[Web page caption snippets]
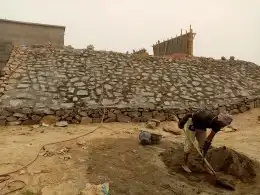 لتلبيس الحجر وبناها ورباريب اوشغل بلمعده 9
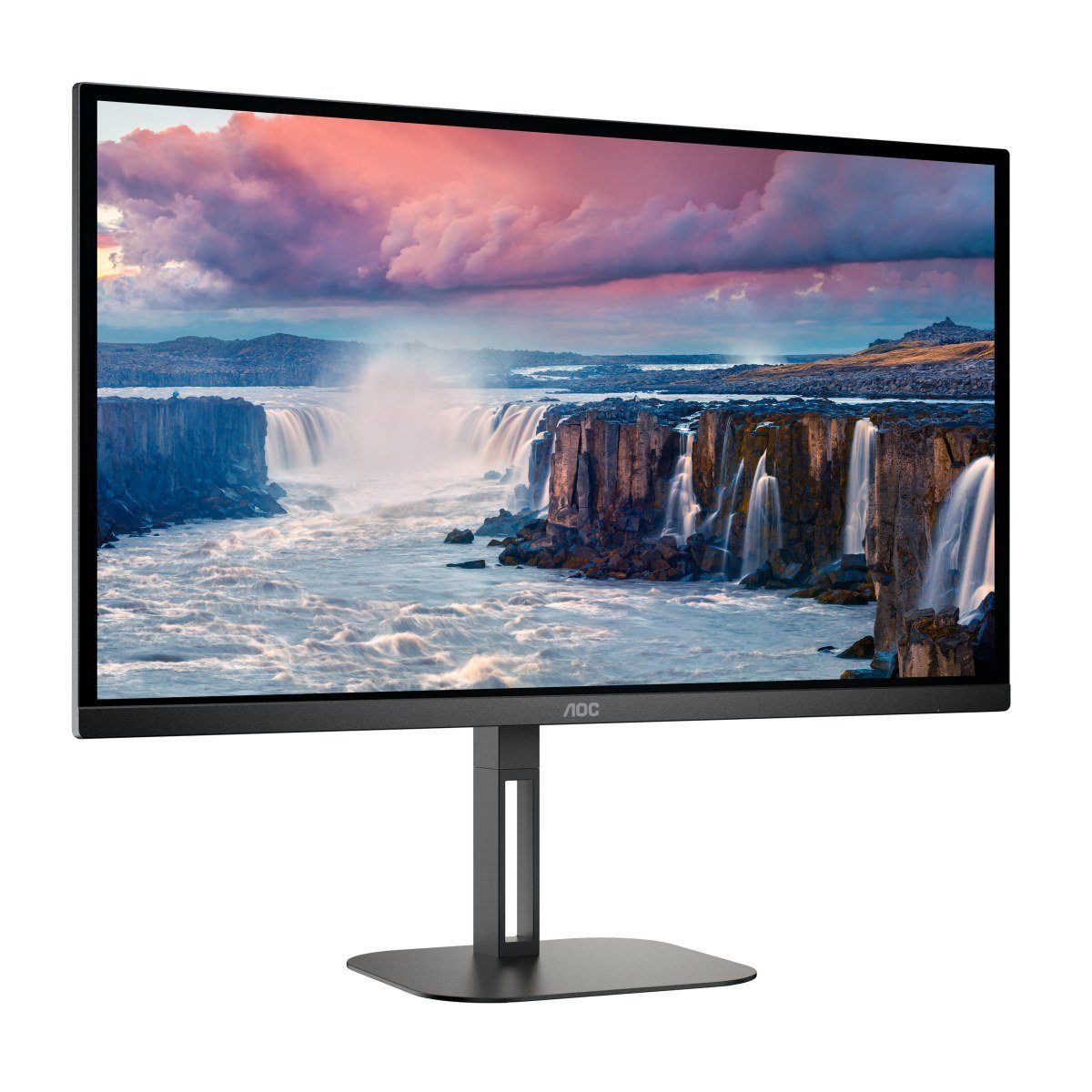 AOC Q27V5N/BK Gaming-Monitor (68,5 cm/27 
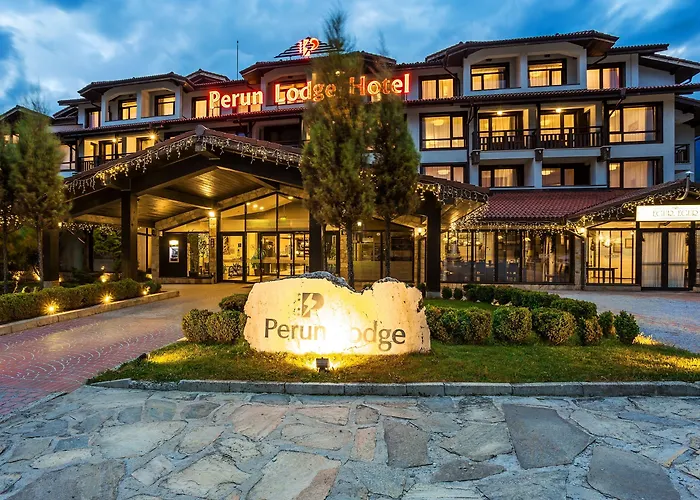 Perun Lodge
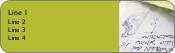 Blueprint Design Return Address Labels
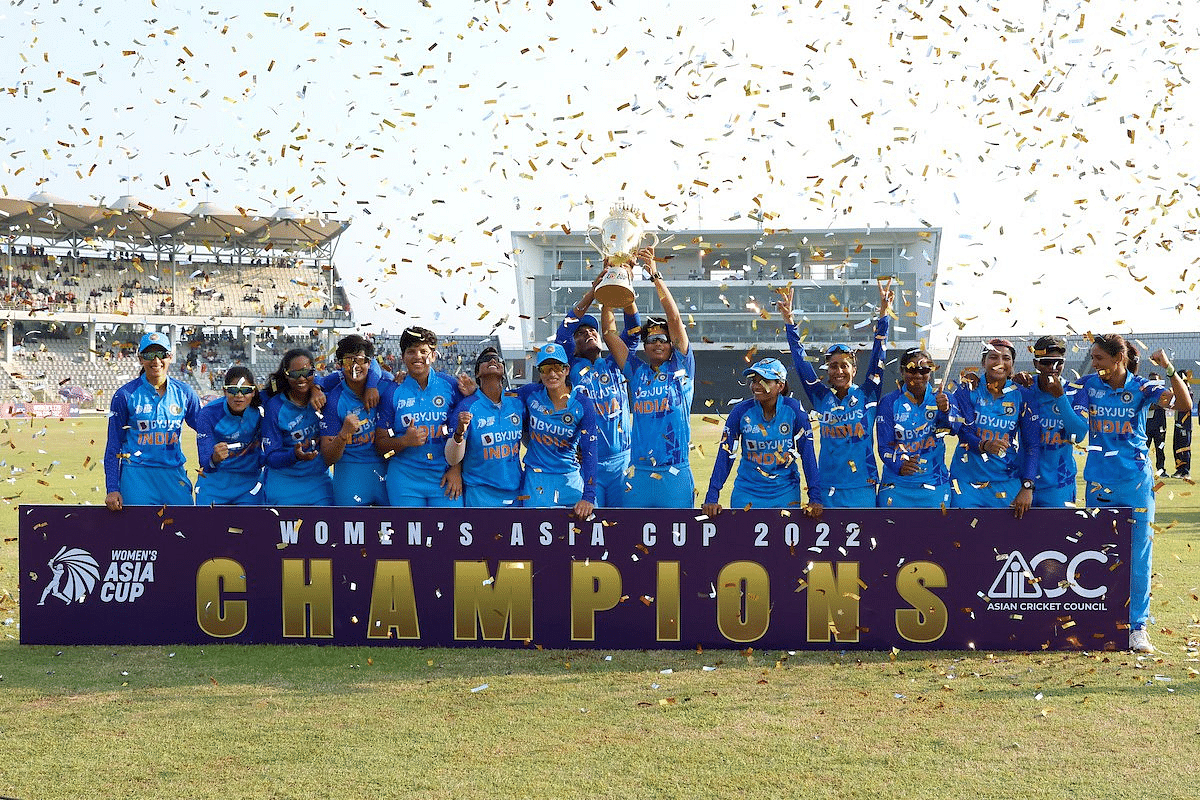 Equal Pay For Indian Men And Women Cricketers In BCCI's "First Step Towards Tackling Discrimination"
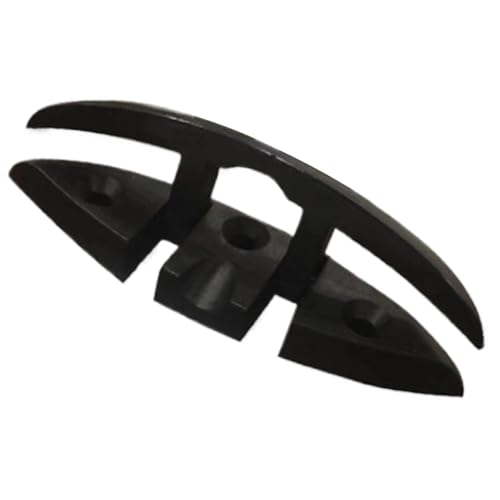 Nuyhadds Candelabros de muelle plegables para kayak, 5 pulgadas, plegable, nailon, accesorios multifuncionales para kayak, soporte plegable para barcos, yates y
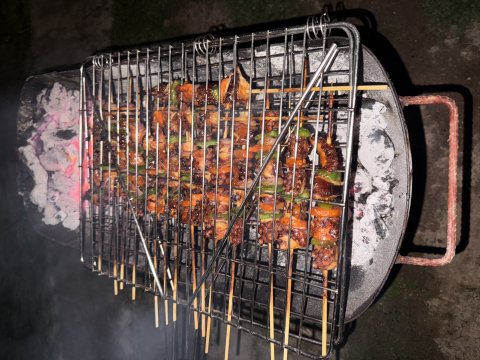 bbq kreol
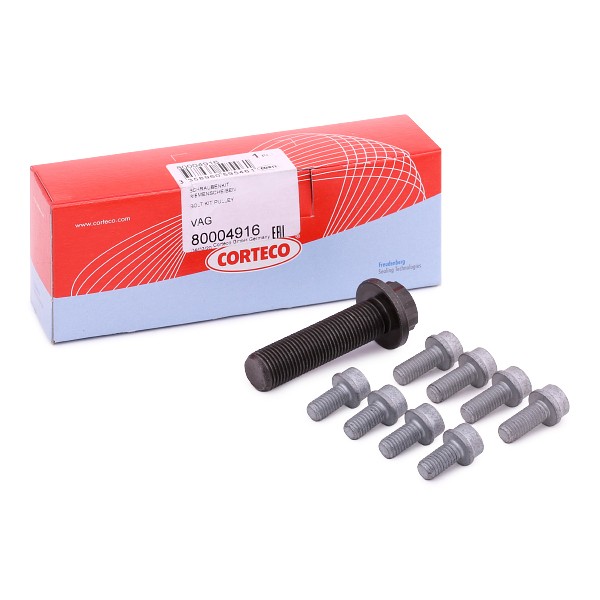 CORTECO Bolt Set, crankshaft pulley Article number: 80004916 cheaply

▶ _What to work on_
For your answer, write out the data exactly and drop every picture.

▶ _Reply to the task_
 لتلبيس الحجر وبناها ورباريب اوشغل بلمعده 9
 AOC Q27V5N/BK Gaming-Monitor (68,5 cm/27 
 Perun Lodge
 Blueprint Design Return Address Labels
 Equal Pay For Indian Men And Women Cricketers In BCCI's "First Step Towards Tackling Discrimination"
 Nuyhadds Candelabros de muelle plegables para kayak, 5 pulgadas, plegable, nailon, accesorios multifuncionales para kayak, soporte plegable para barcos, yates y
 bbq kreol
 CORTECO Bolt Set, crankshaft pulley Article number: 80004916 cheaply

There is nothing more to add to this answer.